Exactly when the markets start to ignite again, virtually all raw materials have become almost unavailable and very expensive. The “everyting bubble” seems to have finally hit us and, for a transforming country like Italy, it is becoming a serious problem.
During the first months of COVID-19, companies canceled orders, waiting for the initial fright to pass and new security measures to be put into practice. In addition, with global lockdowns and paralyzations in all sectors, the extraction and production of raw materials also slowed down.
Once the acute phase of the pandemic ended, there was a rush not only to repurchase raw materials for production, but also the additional demand to replenish stocks. All this process has led to a global shortage of available raw materials and a consequent rise in prices.
For a broader overview of the current moment, it is also necessary to consider other factors: China and the United States’ fast recovery and rise in demand, the great post-pandemic economic plans, the energy transition, speculative activities and logistics issues – with the increase in shipping costs and unpredictable situations, such as the recent blockade of the Suez Canal and the new COVID outbreak which reduced the activities of the Yantian port to 30%.
The availability of aluminum
In this scenario, many Italian and European companies face difficulties to manage their procurement.
For Atim, which uses only aluminum from Italian producers, the second half of 2020 marked a constant and continuous increase in prices. The cost of aluminum has reached all-time highs since 2018 and the prices kept rising in the first quarter of 2021: + 18%, according to Finco.
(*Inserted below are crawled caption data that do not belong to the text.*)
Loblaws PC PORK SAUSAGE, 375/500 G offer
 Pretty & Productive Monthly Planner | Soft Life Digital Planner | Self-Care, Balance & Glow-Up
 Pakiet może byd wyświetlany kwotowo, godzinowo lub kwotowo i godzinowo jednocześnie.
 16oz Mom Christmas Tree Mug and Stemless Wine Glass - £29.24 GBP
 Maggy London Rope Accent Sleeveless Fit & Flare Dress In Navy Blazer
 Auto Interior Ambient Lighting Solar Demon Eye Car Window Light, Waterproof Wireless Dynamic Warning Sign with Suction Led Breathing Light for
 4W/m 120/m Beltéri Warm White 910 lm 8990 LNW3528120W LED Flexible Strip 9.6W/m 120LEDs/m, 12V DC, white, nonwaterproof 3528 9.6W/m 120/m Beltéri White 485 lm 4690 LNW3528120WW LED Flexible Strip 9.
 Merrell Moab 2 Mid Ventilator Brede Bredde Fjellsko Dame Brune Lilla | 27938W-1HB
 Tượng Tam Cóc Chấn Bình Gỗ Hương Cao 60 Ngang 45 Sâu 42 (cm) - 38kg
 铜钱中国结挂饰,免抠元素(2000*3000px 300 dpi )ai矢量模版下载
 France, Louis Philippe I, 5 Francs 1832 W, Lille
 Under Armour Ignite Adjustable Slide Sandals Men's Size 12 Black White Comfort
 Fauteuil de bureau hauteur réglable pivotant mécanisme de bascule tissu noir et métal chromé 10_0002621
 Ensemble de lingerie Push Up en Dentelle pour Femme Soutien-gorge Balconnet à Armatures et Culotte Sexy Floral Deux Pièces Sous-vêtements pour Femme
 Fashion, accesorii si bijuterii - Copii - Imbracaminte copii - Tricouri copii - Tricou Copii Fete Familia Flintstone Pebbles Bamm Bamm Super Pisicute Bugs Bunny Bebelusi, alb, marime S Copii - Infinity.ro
It’s worth remembering that the EU produces only 25% of the primary aluminum needed for domestic demand. Thus, even though Italy is the second most important producer of the commodity in Europe, the demand from different markets and sectors is currently so high that aluminum is almost impossible to find.
What can we expect?
Last October the European Union created the Alliance for Raw Materials with the aim of making the continent self-sufficient. But it will still take years before we reach the first results of the newly established plans.
In the short term and with regard to aluminum, analysts’ opinions are divided: the less optimistic predict that its availability and the consequent increase in prices could become a structural issue if Europe doesn’t change its tax policies; the most optimistic believe that prices are destined to fall over the year due to the excess supply dictated by the Chinese production, which is growing rapidly.
Navigating this global economic Tsunami will require a great deal of dynamism and strategy, like never before. So far, in Atim we’ve been keeping our ship steady and on the right course.